# Decision Trees: Making Decisions with Data

Welcome to the sixth notebook in our **Machine Learning Basics for Beginners** series! After exploring linear and logistic regression, let's dive into **Decision Trees**, a versatile supervised learning algorithm that can be used for both classification and regression tasks. Decision trees mimic how humans make decisions by asking a series of questions.

**What You'll Learn in This Notebook:**
- What decision trees are and when to use them.
- How decision trees work in simple terms.
- A hands-on example of classifying whether someone will play tennis based on weather conditions.
- An interactive exercise to build a mini decision tree and see predictions.
- Visualizations to understand the tree structure and decision-making process.

Let's get started!

## 1. What are Decision Trees?

**Decision Trees** are a supervised learning algorithm that models decisions as a tree-like structure. Each "branch" of the tree represents a decision or question based on a feature, and each "leaf" represents an outcome (a class for classification or a value for regression).

- **Goal**: Split the data into smaller groups by asking a series of yes/no questions (or thresholds) until reaching a final prediction.
- **When to Use It**: Use decision trees for classification (e.g., spam or not spam) or regression (e.g., predicting house prices) when you want an interpretable model that’s easy to understand. They work well with both numerical and categorical data.
- **Examples**:
  - Classifying if a customer will churn (leave a service) based on usage patterns.
  - Predicting house prices based on location, size, and age.
  - Deciding if someone should play a sport based on weather conditions.

**Analogy**: Imagine you're deciding whether to go outside. You might ask: "Is it raining?" If yes, stay in. If no, ask: "Is it cold?" If yes, wear a jacket; if no, go out as is. A decision tree works the same way, breaking down a complex decision into a series of simple questions.

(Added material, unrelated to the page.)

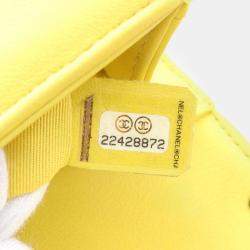 Pre Owned Chanel Yellow Lambskin Small Leather Boy Chanel Shoulder Bag
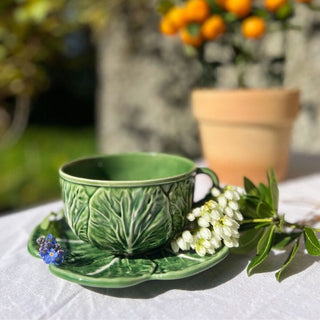 Bordallo Pinheiro Cabbage tea cup and saucer - Buy now on ShopDecor - Discover the best products by BORDALLO PINHEIRO design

## 2. How Do Decision Trees Work?

Decision trees work by recursively splitting the data based on features to create a tree structure. Let’s break it down:

1. **Start at the Root**: The tree begins with all the data at the "root node."
2. **Choose a Feature to Split**: The algorithm picks a feature and a value (or category) to split the data into two or more groups. It chooses the split that best separates the data based on the target (e.g., for classification, it tries to group similar classes together). This is often measured using criteria like "Gini impurity" or "entropy" (for classification) or variance (for regression).
3. **Create Branches**: Each split creates branches leading to new nodes (subgroups of data).
4. **Repeat Splitting**: The process repeats for each node, splitting on new features or values until a stopping condition is met (e.g., maximum depth, minimum samples per node, or pure groups).
5. **Make Predictions at Leaves**: The final nodes (leaves) contain the predictions. For classification, it’s the most common class in that group; for regression, it’s the average value.

**Analogy**: Think of playing a game of "20 Questions." You ask yes/no questions to narrow down possibilities (e.g., "Is it an animal?" "Does it fly?"), and each answer takes you closer to guessing the object. A decision tree builds a similar flowchart to reach a final answer.

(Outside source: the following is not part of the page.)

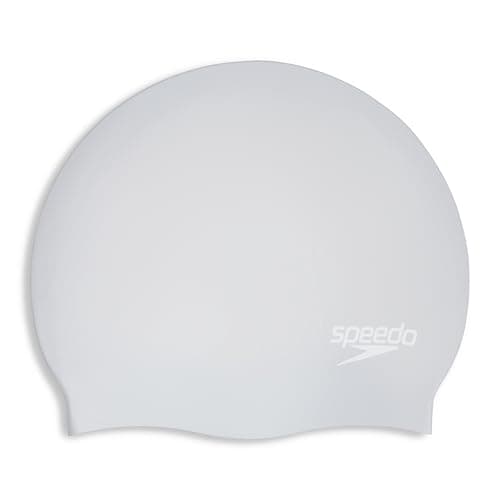 Image of Speedo Unisex Long Hair Cap | Swim Cap | Snag Free | Easy-On, Silver, One Size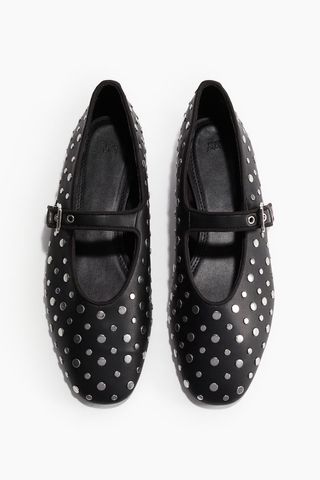 Studded Mary Jane Ballet Pumps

**Key Advantage**: Decision trees are easy to interpret—you can follow the path of questions to understand why a prediction was made.

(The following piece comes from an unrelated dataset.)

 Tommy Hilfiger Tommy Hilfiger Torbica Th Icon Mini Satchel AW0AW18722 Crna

## 3. Example: Predicting Whether to Play Tennis

Let’s see a decision tree in action with a small dataset about whether someone will play tennis based on weather conditions. We’ll use features like outlook, temperature, humidity, and wind.

**Dataset** (simplified):
- Outlook: Sunny, Sunny, Overcast, Rain, Rain
- Temperature: Hot, Hot, Hot, Mild, Cool
- Humidity: High, High, High, High, Normal
- Wind: Weak, Strong, Weak, Weak, Weak
- Play Tennis (Label): No, No, Yes, Yes, Yes

We’ll use Python’s `scikit-learn` library to create a decision tree model, train it on this data, and predict for a new day. Focus on the steps and output, not the code details.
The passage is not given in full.